Kararın davalı vekilince temyiz edilmesi üzerine, Dairemizce yapılan inceleme sonunda karar bozulmuş, mahkeme tarafından Dairemiz ilamına karşı direnilmiştir.

Direnme kararının davalı vekili tarafından temyizi üzerine Dairemizce bozma kararı yerinde bulunarak direnme kararı incelenmek üzere dosya Hukuk Genel Kuruluna gönderilmiştir.

Yargıtay Hukuk Genel Kurulunun 31.01.2019 tarihli, 2017/11-55 E. ve 2019/43 K. sayılı ilâmı ile direnme kararının bozulmasına karar verilmiştir.

Mahkemece, yapılan yargılama sonunda davanın kısmen kabulüne karar verilmiştir.

Karar davalı vekili tarafından temyiz edilmekle; kesinlik, süre, temyiz şartı ve diğer usul eksiklikleri yönünden yapılan ön inceleme sonucunda temyiz dilekçesinin kabulüne karar verildi. Tetkik Hâkimi tarafından hazırlanan rapor dinlendikten sonra dosyadaki belgeler incelenip, gereği düşünüldü.

I. DAVA
Davacı vekili dava dilekçesinde; müvekkilinin Amerika’da ikamet ettiğini ve davalı banka nezdinde vadeli mevduat hesabı bulunduğunu, müvekkilinin yaptığı kontrolde hesabında bulunan paradan 350.000,00 USD’nin sahte talimatlarla başka bir hesaba aktarıldığını öğrendiğini, bu nedenle Türkiye’ye gelerek Bursa Cumhuriyet Başsavcılığına suç duyurusunda bulunduğunu, aslı olmayan fakslar ile yapılan talimatlara istinaden hiç bir araştırma ve inceleme yapılmadan, teyit ve imza karşılaştırılması yapılmadan gerçekleştirilen 200.000,00 USD ve 150.000,00 USD’lik havalelerin davalı bankanın kusurunun kaynaklandığını, davalı bankanın müvekkilinin oluşan zararından sorumlu olduğunu ileri sürerek fazlaya ilişkin hakları saklı kalmak kaydıyla 6.000,00 USD’nin TL karşılığı olan 10.200,00 TL’nin en yüksek faiziyle birlikte davalıdan tahsilini talep etmiştir.

Davacı vekili, talebini yargılama sırasında 350.000,00 USD’nin TL karşılığı olan 624.315,20 TL olarak ıslah etmiştir.

II. CEVAP
Davalı vekili cevap dilekçesinde; olayda asıl zarar görenin davalı banka olduğunu, dava konusu olayın münferit bir olay olmadığını, büyük bir dolandırıcılık operasyonunun bir parçası olma ihtimalinin bulunduğunu savunarak davanın reddini istemiştir.

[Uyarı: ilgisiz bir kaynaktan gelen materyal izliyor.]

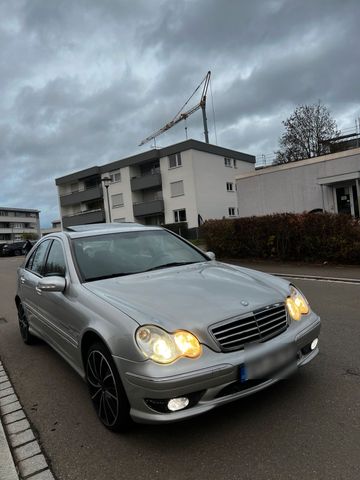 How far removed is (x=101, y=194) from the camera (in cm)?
5103

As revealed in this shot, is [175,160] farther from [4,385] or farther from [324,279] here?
[4,385]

III. MAHKEME KARARLARI, BOZMA VE BOZMADAN SONRAKİ YARGILAMA SÜRECİ
A.Mahkemece Verilen İlk Karar
Mahkemece 02.05.2013 tarih, 2012/138 E. ve 2014/3119 K. sayılı kararıyla; davalı bankanın müşterisi olan davacının döviz hesabından davalı banka ile davacı arasında her hangi bir faks sözleşmesi olmamasına rağmen iki adet faks talimatı ile 150.000,00 ve 200.000,00 USD’nin… adına havale edildiği, faks talimatlarındaki imzaların davacının imzası ile benzerliğinin bulunmadığı ve basit bir inceleme ile bunun anlaşılması mümkün olduğu halde imza incelemesi yapılmadığı, faks talimatının teyidinin gelmesi de beklenilmeden fakstaki talimatların yerine getirildiği, davalı bankaca teyit alındığı beyan edilmiş ise de bunu kanıtlayan belge ibraz edilmediği, davacı hakkında açılmış her hangi bir dava olmadığı, Bursa 1. Ağır Ceza Mahkemesinde açılan davanın şüphelilerinin yargılama sonucunda sorumlu çıkmaları halinde davalı bankanın şüphelilerine rücu edebileceği, bu hususun davacıyı ilgilendirmeyeceği, Bursa 1. Ağır Ceza Mahkemesi kararının mahkeme kararını etkilemeyeceği ve dosyayı sürüncemede bırakacağı, davacının daha fazla mağdur olmaması ve dosyada toplanan kanıtların karar vermeye yeterli olduğu gerekçesiyle davanın kısmen kabülüne karar verilmiş, davalı vekili tarafından temyiz edilmiştir.

B. Bozma Kararı
Dairemizin 20.02.2014 tarihli, 2013/12981 E. ve 2014/3119 K. sayılı ilamı ile somut uyuşmazlık ile ilgili olarak Bursa 1. Ağır Ceza Mahkemesinin 2012/279 E. sayılı dosyasında davacının kardeşi … ve arkadaşı … hakkında yapılan yargılama sırasında sanıklardan …’ın bu eylemi davacının da el ve işbirliği ile gerçekleştirildiğini beyan ettiği, aynı dosyada davacının babasının da uyuşmazlık konusu eylemin davacının bilgisi ve iştiraki ile gerçekleştirildiği beyanında bulunduğu, her ne kadar ceza soruşturması sırasında davacı hakkında takipsizlik kararı verilmişse de ceza yargılaması sonunda tesis olunacak hüküm ile davacının diğer sanıkların eylemleri ile ilgili olarak bağlantısı bulunduğuna dair bir gerekçe yer aldığı takdirde bu maddi olay belirlemesinin 6098 sayılı Türk Borçlar Kanunu’nun (6098 sayılı Kanun) 74 üncü maddesi kapsamında hukuk hakimini de bağladığı, bu bakımdan derdest ceza davasının neticesinin beklenmesi gereğine işaret edilerek bozulmuştur. Davacı vekilinin karar düzeltme istemi Dairemizin. 05.12.2014 tarihli, 2014/10505 E. ve 2014/19136 K. sayılı ilamı ile reddedilmiştir.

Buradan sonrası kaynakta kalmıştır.